The fight to save historic Lowell began as a grassroots effort. One of the activist leaders of the effort was Patrick Mogan, then Assistant Superintendent of the Lowell Public Schools, who pushed for creative alternatives to urban renewal.
In 1966, Mogan and a group of civic leaders obtained funding through President Johnson’s Model Cities program. Their project combined preservation and education in the historic Acre neighborhood. Mogan led the education part of the project. They scaled up their plans to encompass more of the city. Mogan and his allies referred to their ideas as the “City as a Classroom,” and the area as an “Urban Cultural Park.”

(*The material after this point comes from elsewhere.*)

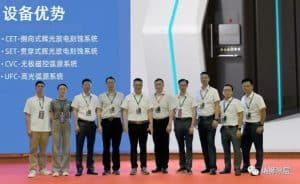 [Nasi Title-2022 Greater Bay Area Industrial Mould Industry Chain Supply and Demand Matchmaking and High-Quality ...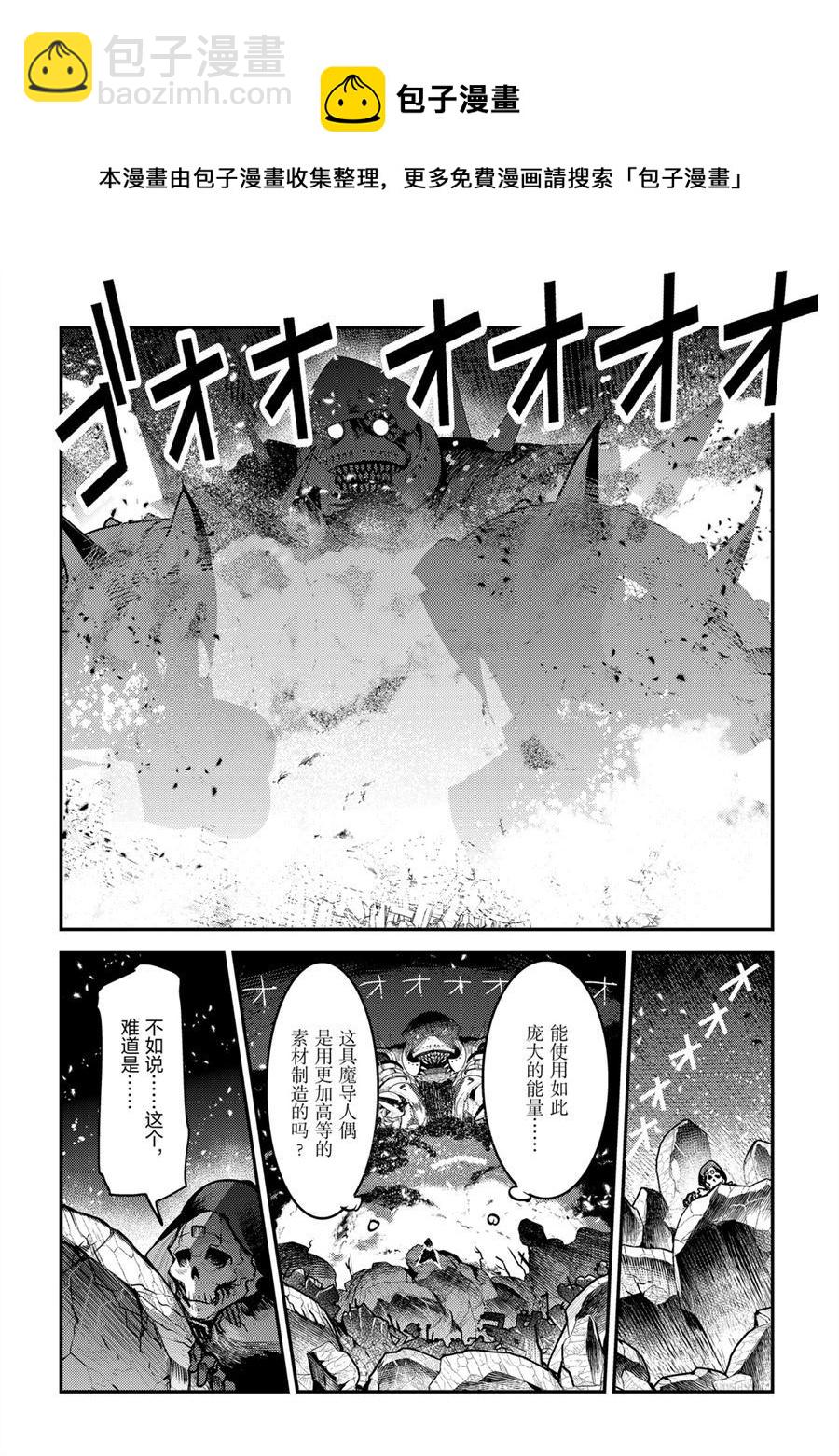 第28话5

In 1970 the U.S. Department of the Interior announced plans to create fourteen new parks near urban areas. This seemed like a perfect opportunity for Mogan’s vision to be realized. Initially, National Park Service officials did not believe enough sound historic structures survived in Lowell to warrant National Park status. In 1974 Paul Tsongas won a seat in Congress and was determined to keep up the fight. In 1975 Congress established the “Lowell Historic Canal District Commission” to investigate the viability of a historical park in Lowell.
With the 1978 legislation introduced by Paul Tsongas, Congress created a new park to be managed by the National Park Service. Based on the report of the Historic Canal District Commission, the bill also established the Lowell Historic Preservation Commission to supervise a downtown “Preservation District” for a finite period of time. The Commission continued until 1995. The park now sits in the heart of the Preservation District.
With the establishment of the park and the commission, Lowell’s activists and civic leaders had achieved their immediate goal and began the long process of turning their vision into a reality.